**Brief:** Under this line are records; the part from the line containing "What you guys" through the line containing "FPGAs typically have" should be repeated exactly. Please exclude pictures.
Data for the task section start
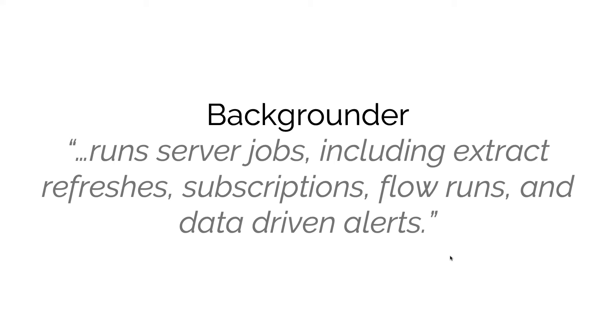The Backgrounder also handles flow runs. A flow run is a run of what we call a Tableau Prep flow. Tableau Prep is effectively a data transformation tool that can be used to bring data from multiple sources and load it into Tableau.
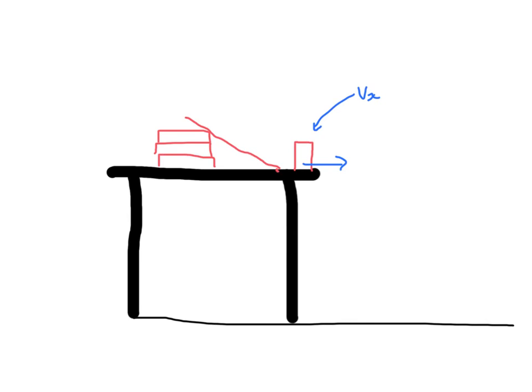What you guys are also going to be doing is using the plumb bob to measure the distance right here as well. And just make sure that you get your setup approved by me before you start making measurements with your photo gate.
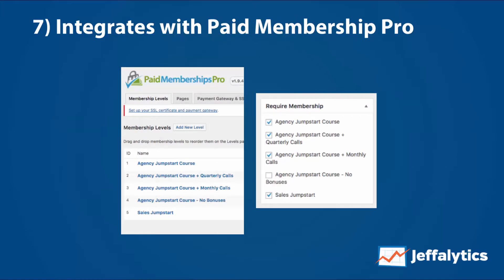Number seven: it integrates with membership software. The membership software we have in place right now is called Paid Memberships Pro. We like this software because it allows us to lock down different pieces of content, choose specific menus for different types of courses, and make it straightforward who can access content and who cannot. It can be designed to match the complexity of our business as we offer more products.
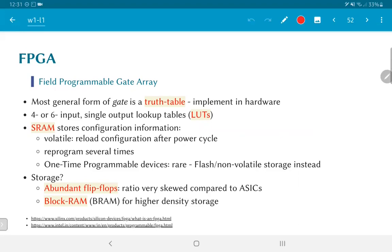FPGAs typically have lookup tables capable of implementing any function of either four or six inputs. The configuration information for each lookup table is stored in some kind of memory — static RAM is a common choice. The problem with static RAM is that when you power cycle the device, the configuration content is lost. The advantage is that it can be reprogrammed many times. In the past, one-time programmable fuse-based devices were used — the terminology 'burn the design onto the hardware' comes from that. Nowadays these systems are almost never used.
Data for the task section end
Data for the task section start
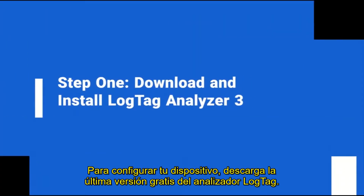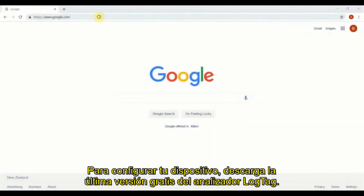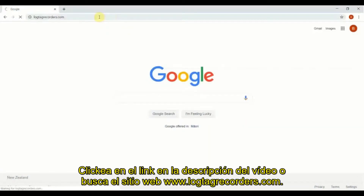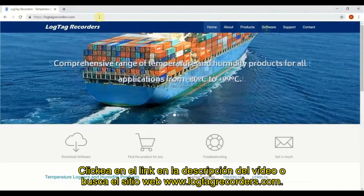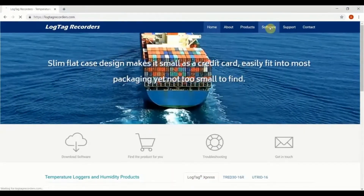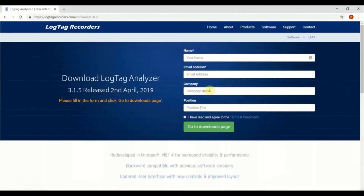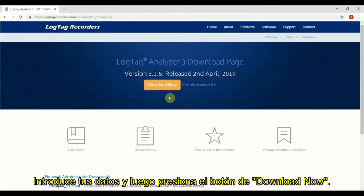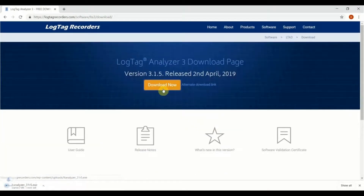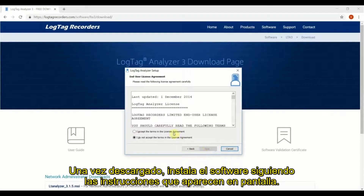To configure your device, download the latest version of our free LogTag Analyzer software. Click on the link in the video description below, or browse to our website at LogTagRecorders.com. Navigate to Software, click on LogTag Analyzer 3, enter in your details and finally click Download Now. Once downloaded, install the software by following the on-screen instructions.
Data for the task section end
**Exercise result:**
What you guys are also going to be doing is using the plumb bob to measure the distance right here as well. And just make sure that you get your setup approved by me before you start making measurements with your photo gate.
Number seven: it integrates with membership software. The membership software we have in place right now is called Paid Memberships Pro. We like this software because it allows us to lock down different pieces of content, choose specific menus for different types of courses, and make it straightforward who can access content and who cannot. It can be designed to match the complexity of our business as we offer more products.
FPGAs typically have lookup tables capable of implementing any function of either four or six inputs. The configuration information for each lookup table is stored in some kind of memory — static RAM is a common choice. The problem with static RAM is that when you power cycle the device, the configuration content is lost. The advantage is that it can be reprogrammed many times. In the past, one-time programmable fuse-based devices were used — the terminology 'burn the design onto the hardware' comes from that. Nowadays these systems are almost never used.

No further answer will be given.